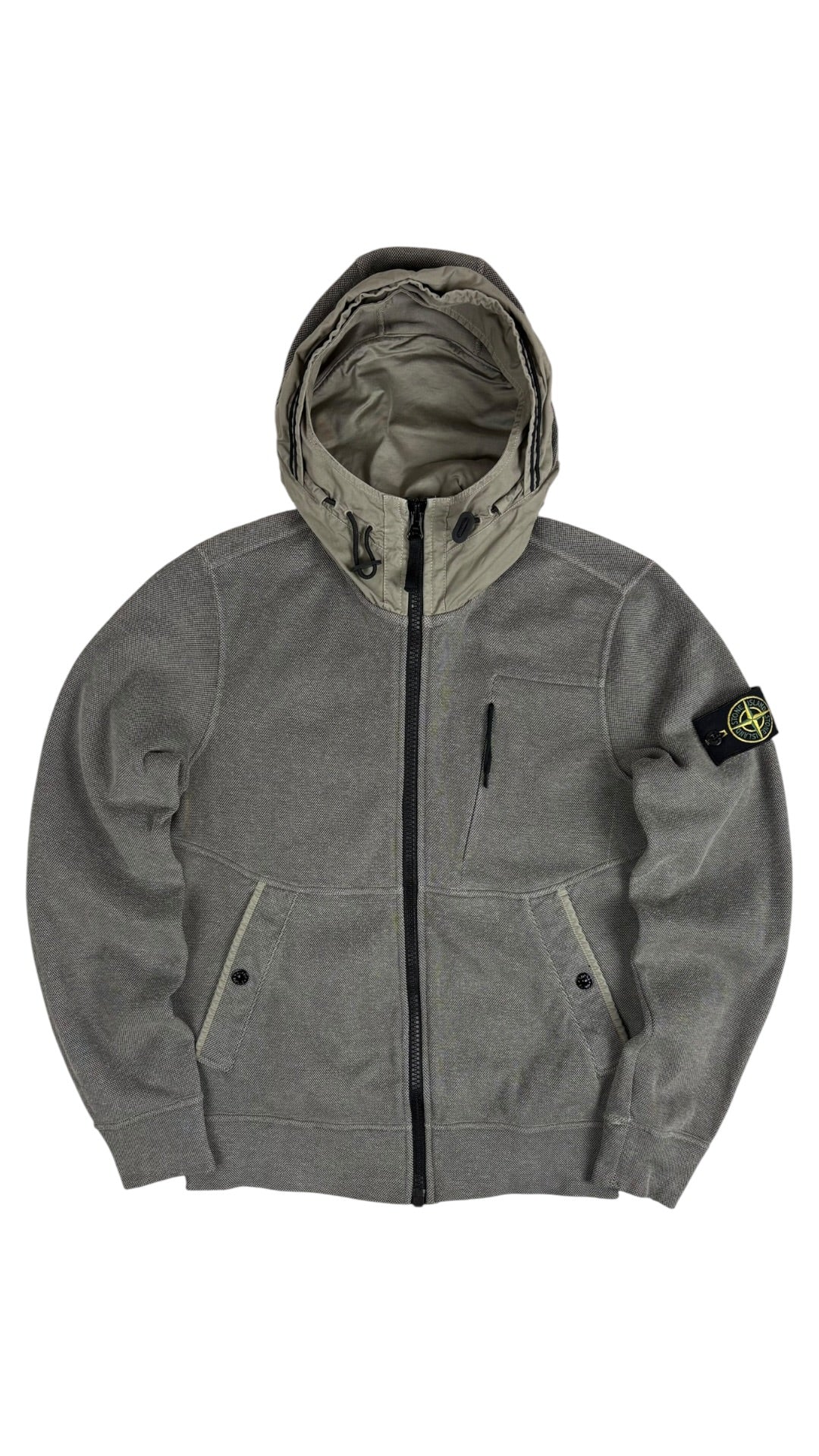 Gilet Stone Island kaki taille S reconditionné - vue face | Authentique NB08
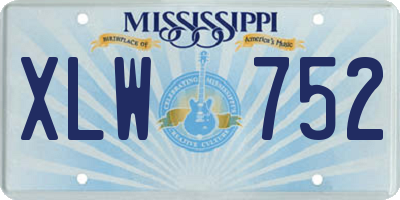 MS license plate XLW752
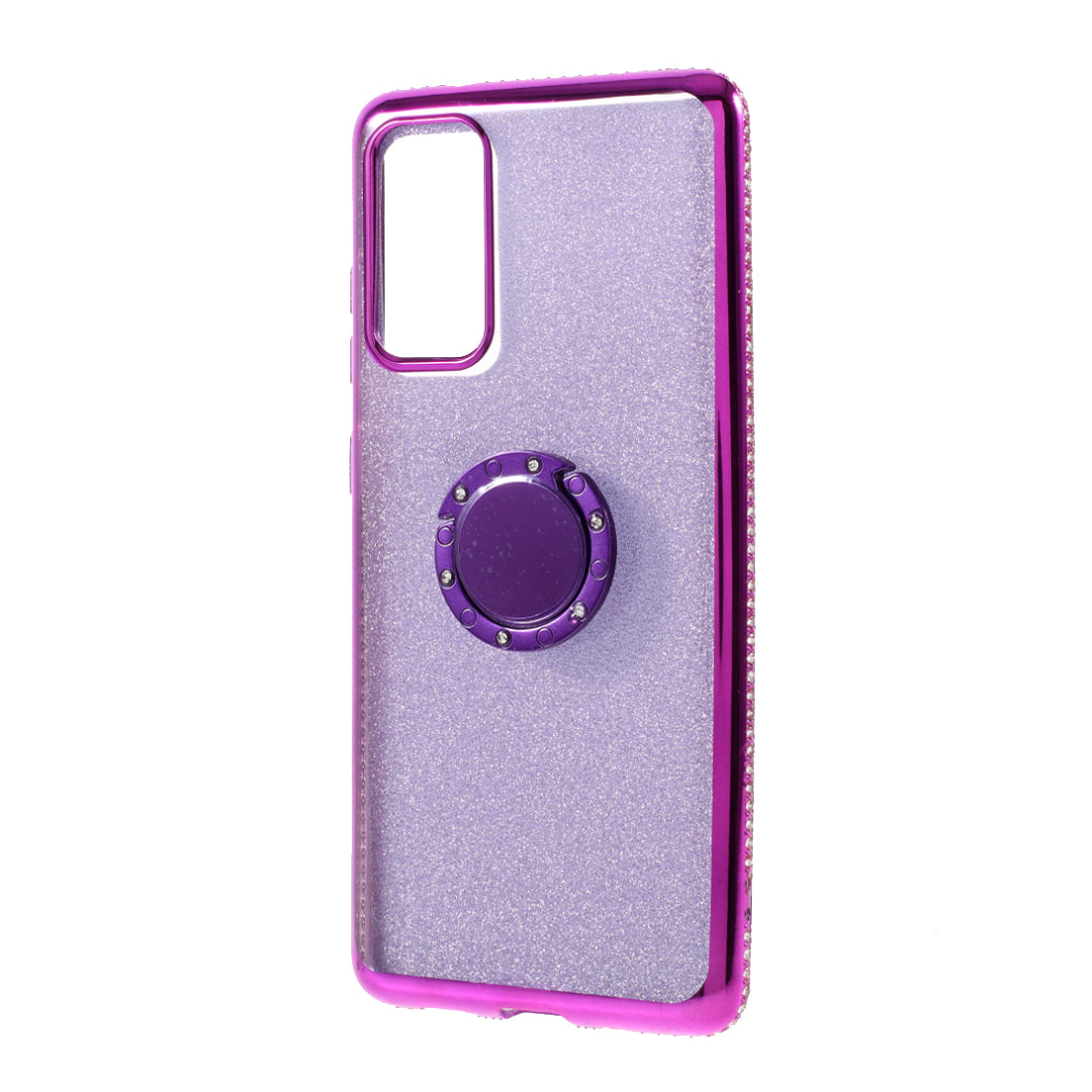 Shiny Powder Electroplating TPU Rhinestone Decor Cover with Metal Kickstand for Samsung Galaxy S20 FE/S20 FE 5G/S20 Lite/S20 FE 2022 - Purple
════════
- _Required action_
Please retype the material above exactly, and omit its images.

- _Your solution_
 Gilet Stone Island kaki taille S reconditionné - vue face | Authentique NB08
 MS license plate XLW752
 Shiny Powder Electroplating TPU Rhinestone Decor Cover with Metal Kickstand for Samsung Galaxy S20 FE/S20 FE 5G/S20 Lite/S20 FE 2022 - Purple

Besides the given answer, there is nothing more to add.